Management of the government fleet has over the last three years been one of Lesotho’s biggest headaches and reportedly contributed significantly to the collapse of the previous seven party coalition government led by former Prime Minister Pakalitha Mosisili. The then finance minister Dr ’Mamphono Khaketla was accused of soliciting a M4 million bribe from the directors of Lebelonyane Fleet Services in exchange for a government fleet tender. Dr Khaketla denied the allegation. The Directorate on Corruption and Economic Offences (DCEO) insists Khaketla allegedly solicited a bribe in exchange for a government fleet tender.

Khaketla, together with her co-accused, Thabo Napo solicited the bribe from Lebelonyane Fleet Solutions Joint Venture on March 17, 2016, the anti-corruption body asserts. According to the charge sheet, Khaketla in common purpose with her “friend and/or partner” Napo attempted to solicit a bribe of about M4 million from Lebelonyane in exchange for a government fleet tender, also known as Lesotho “fleetgate” which was eventually awarded to Bidvest Bank. The DCEO adds Khaketla was to use her powers and position as minister of finance to influence and ensure that the tender is awarded to Lebelonyane.

The duo is out on bail on M5000 bail and report to the offices of the DCEO on the last Friday of every month. Lebelonyane, which had been recommended by the government’s bid evaluation team during the Mosisili administration as the winning bidder for the lucrative contract to manage the government fleet, was never awarded the tender.Instead, the government announced that the existing contract held by South African company Bidvest, had been extended for four years.

The Bidvest deal was later cancelled and government said it was aiming to establish a Fleet Management Unit (FMU) within the ministry of finance to manage the vehicle fleet for the government.

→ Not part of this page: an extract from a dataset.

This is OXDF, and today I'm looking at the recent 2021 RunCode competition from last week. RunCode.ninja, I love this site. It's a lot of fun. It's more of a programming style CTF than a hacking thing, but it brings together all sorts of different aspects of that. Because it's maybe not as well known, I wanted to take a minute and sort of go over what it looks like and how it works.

In his February letter, marked private and confidential, ’Mabathoana also took issue with the fact that government had cancelled the tender for procurement of fleet specialist services citing “invalid and dubious reasons”.In March last year, government invited tenders for procurement of the services of a fleet expert to “assist government with managing the FMU and impart knowledge and skills to the FMU personnel”.

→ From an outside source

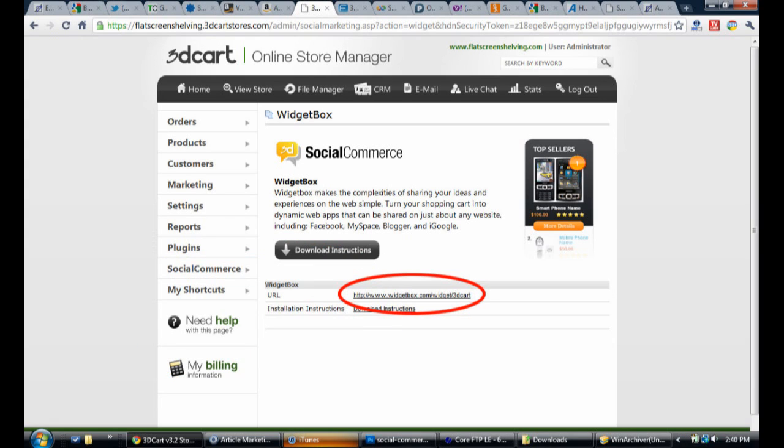Here you will find a link to the widget box creator. You will also find the direct link in the description of this video.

The fleet specialist would also “assist government in developing transport policy, procuring fleet management system and also conduct government fleet management and/or ownership options analysis study”. The tender advertisement, published on March 31 last year, indicated that the fleet manager would assume duties from July 3 2017, to March 31, 2018. ’Mabathoana told the coalition government leaders that “to date, seven months later”, the project has not commenced and as a result, “government fleet requirements are in dire straits and largely compromised”.